Case Studies

Data Extraction AI For Old Construction Drawings

Industry:
Construction & Architecture
Client:
Confidential
Platform:
Cloud
Duration:
2 months
Cheaper than manual labor
Data Extraction AI For Old Construction Drawings

Project Summary

An AI-powered system for processing old construction drawings. Rotation of scanned documents, extraction of key data fields.

Services

AI prototype development
AI system development

Team

1 Project manager
1 AI developer

Target Audience

Construction bureaus
Architectural firms
Digital archives

Challenge

Our client operates a system that integrates customers with large volumes of accumulated construction drawings, some of which are very old, scanned paper documents. Before these drawings can be uploaded into the system, they need to be indexed by extracting key information from the title block, such as the drawing number, scale, revision, and other parameters. As this task is highly repetitive and time-consuming, it has been outsourced to manual labor, but this approach is slow and costly. The client sought a faster, more efficient solution using machine learning and AI.

Solution

The resulting system is an AI-powered solution that automates the extraction of key data fields from construction drawings and corrects their orientation for seamless integration into the client’s system. It combines Azure Document Intelligence for data extraction with a two-step image orientation correction process using Tesseract and PaddleOCR.
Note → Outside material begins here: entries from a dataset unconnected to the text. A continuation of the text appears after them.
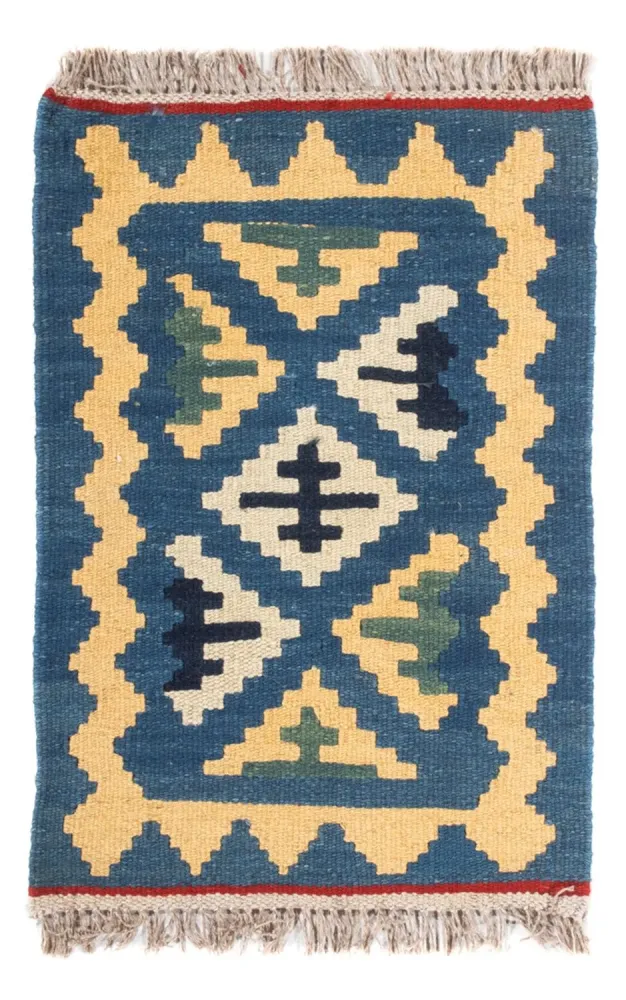 Kelimteppe - Orientalsk - 60 x 40 cm - flerfarget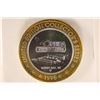 Image 1 : CASINO $10 SILVER TOKEN "SOVEREIGN NATION OF THE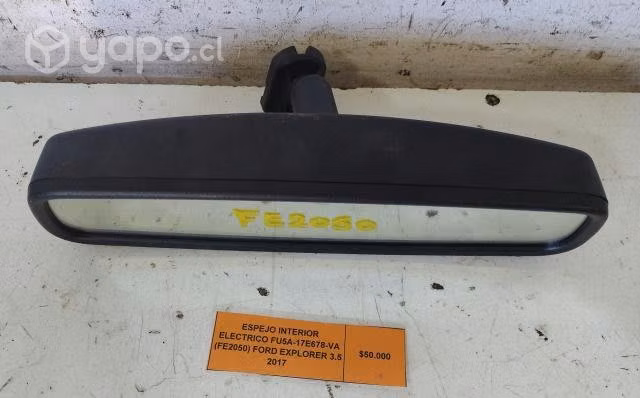 Espejo Interior Elect (FE2050) Ford Explorer 3.5
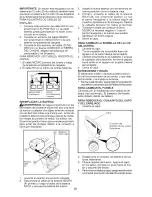 Preview for 61 page of Craftsman 28990 - YT 4500 26 HP 54" Yard Tractor Operator'S Manual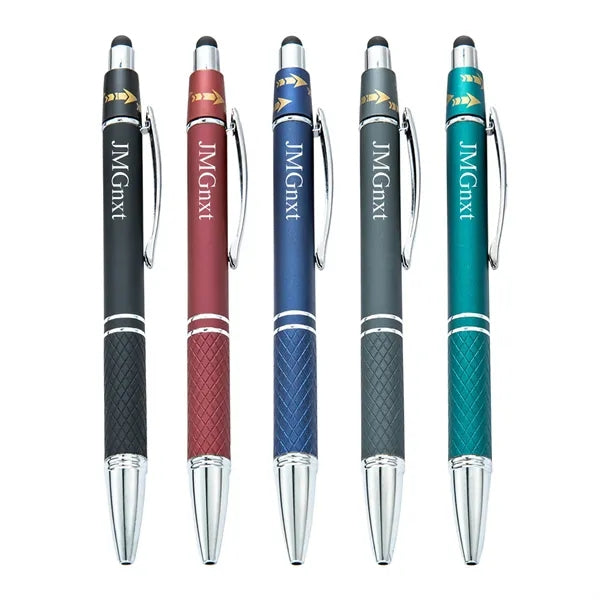 Stylus Ballpoint Pen with Logo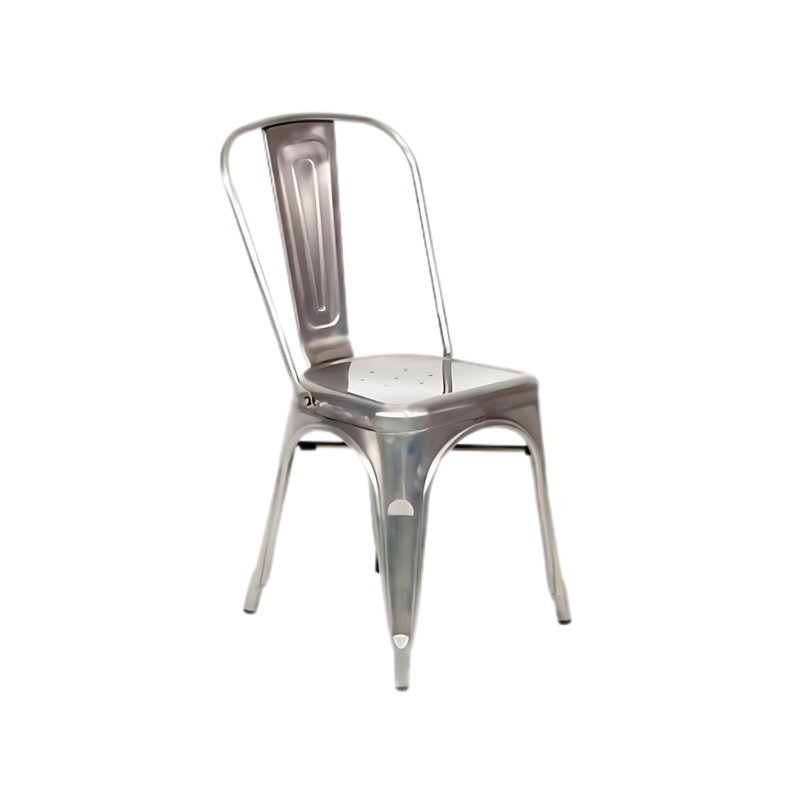 Silla para restaurante La silla Bolton es un ícono de la decoración industrial, su resistencia y versatilidad no se deben pasar por alto cuando se busca un estilo retro. En diferentes colores y acabados, se hará notar Aura Muebles modelo BOLTON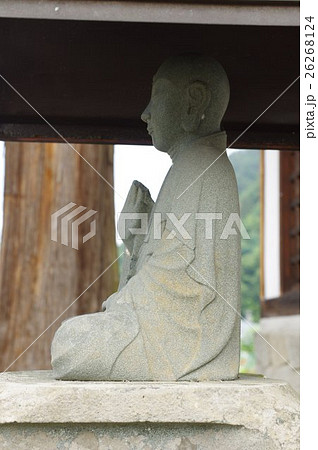 信州の文化財　名工　守屋貞治の石仏　願王地蔵尊（伊那市建福寺） 26268124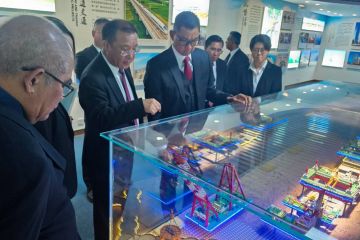 Kunjungan Bisnis ke China, PLN Teken Kerjasama Pengembangan EBT dengan Perusahaan EPC di Beijing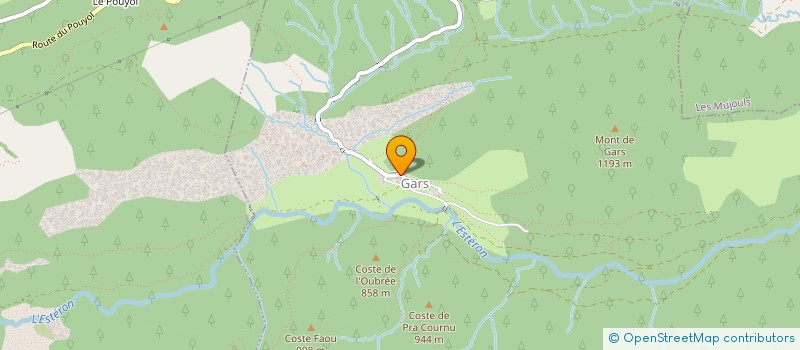 localisation de l'entreprise MONSIEUR SEBASTIEN DUVAL  GARS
Data Extraction with Azure Document Intelligence

Azure Document Intelligence forms the backbone of the system. We trained a custom model using sample drawings provided by the client, teaching it to recognize and extract six key fields: title, type, drawing number, sheet number, scale, and revision.
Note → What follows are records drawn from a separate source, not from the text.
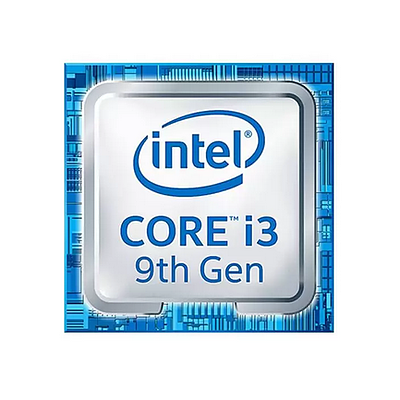 برچسب اورجینال پردازنده Core i3 9th Gen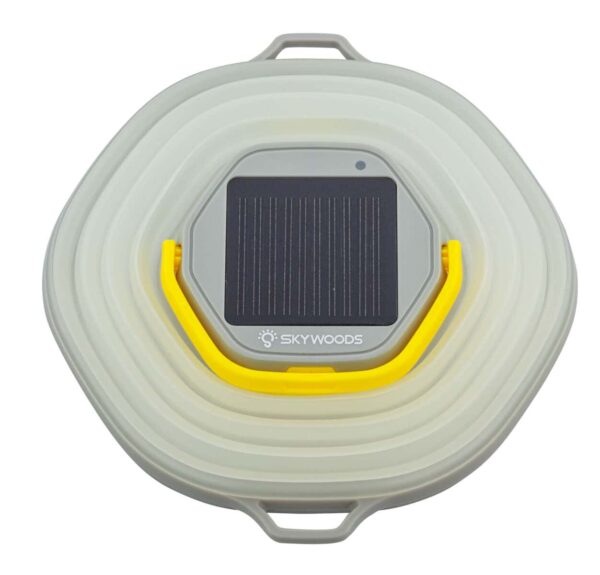 Lampe camping rétractable solaire SKYWOODS 350 Lumens – Image 3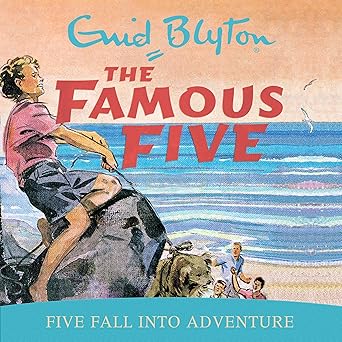 five fall into adventure: the famous five book 9-citybookspk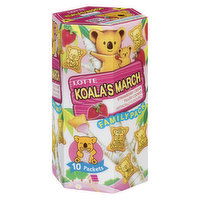 Milkis - Koala's March Strawberry Cookies, 195 Gram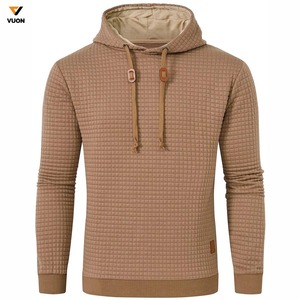 Sweatshirts à capuche en coton unisexe pour hommes femmes sweatshirts d'hiver confortables et élégants avec impression numérique durabilité sans effort - Product Image 1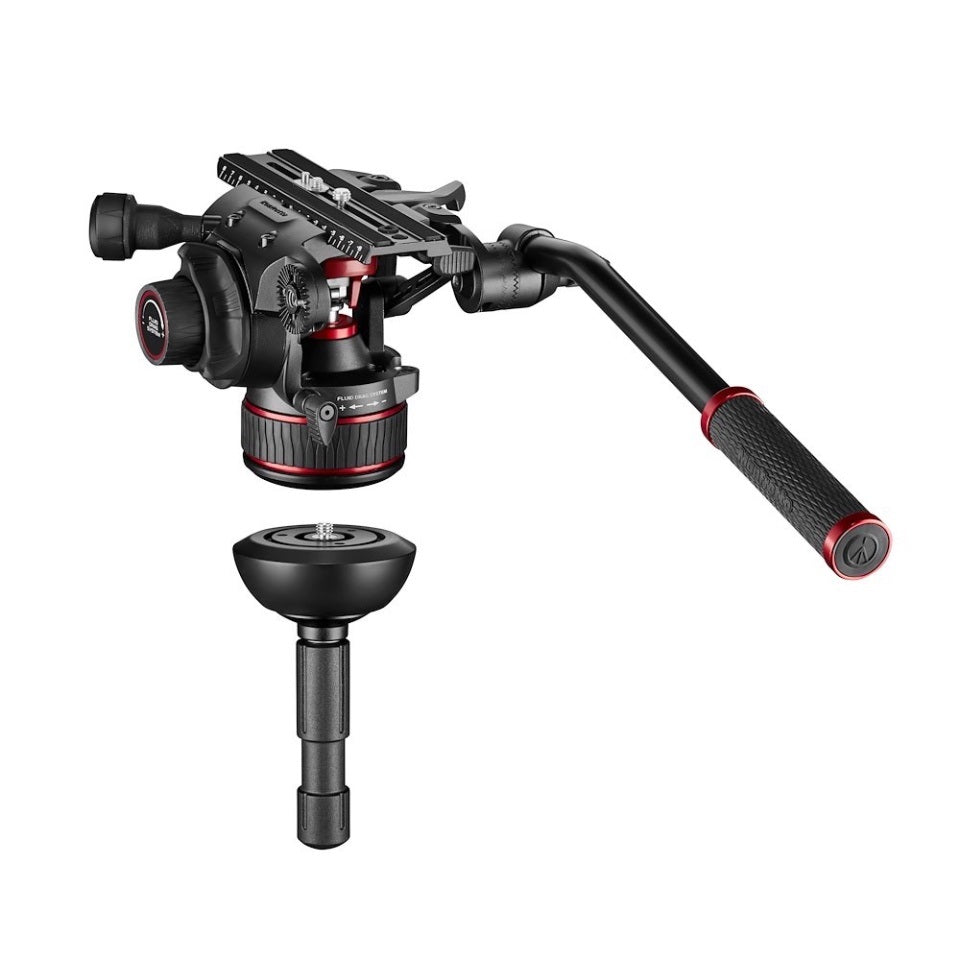 Manfrotto Nitrotech 612 & CF Double Mid-Level Spreader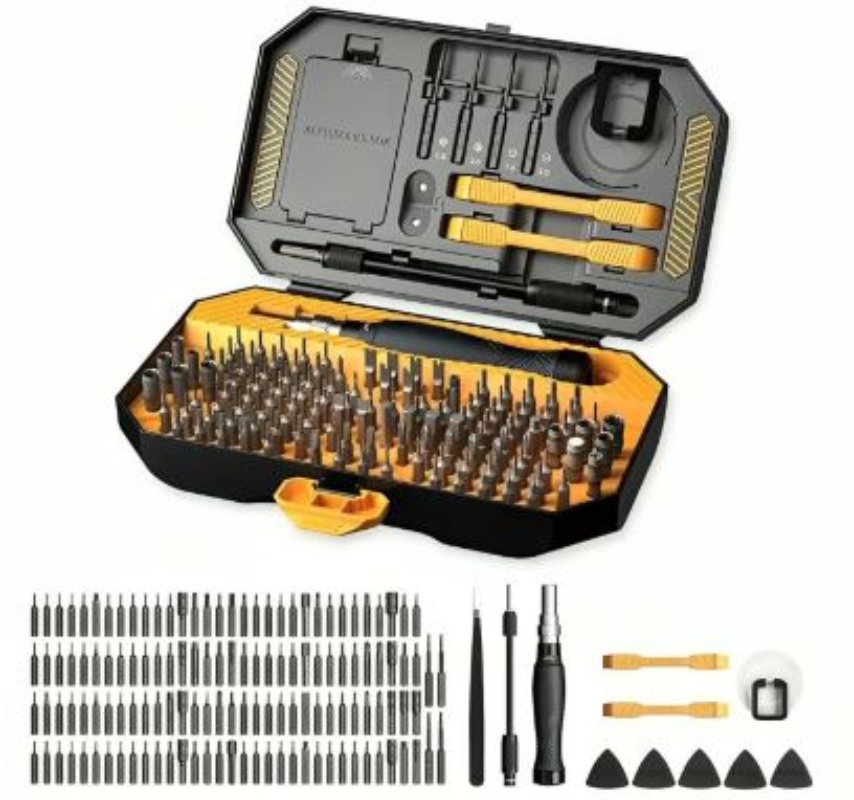 SET DE CAJAS DE HERRAMIENTAS DE DADOS DE 108 PIEZAS DE CRV - 1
Unlike generic OCR tools, Azure’s ability to learn from labeled data ensures high accuracy, even with the variability found in old, scanned drawings. This eliminates the need for manual intervention and significantly speeds up the indexing process.

Image Orientation Correction

To ensure all drawings are correctly aligned before data extraction, the system employs a two-step orientation correction process:

  • Tesseract: Identifies the rotation angle of the entire image (0°, 90°, 180°, or 270°) and rotates it accordingly.
  • PaddleOCR: After initial rotation, PaddleOCR detects all words and their bounding boxes, calculates the dominant text orientation, and fine-tunes the alignment. This is particularly useful for drawings with mixed vertical and horizontal text.

Cost-Effective Automation

The system was designed with cost efficiency in mind. By automating the data extraction and orientation correction processes, it eliminates the need for expensive manual labor. Budget estimates show that the automated solution is already more cost-effective than outsourcing, while also delivering faster and more consistent results.

Results

The results exceeded expectations. By training the Azure AI model, we achieved highly accurate data extraction for the six target fields. The automated solution not only outperformed manual labor in terms of speed and cost but also introduced an additional benefit: automatic orientation correction, a task that was previously ignored in manual processes.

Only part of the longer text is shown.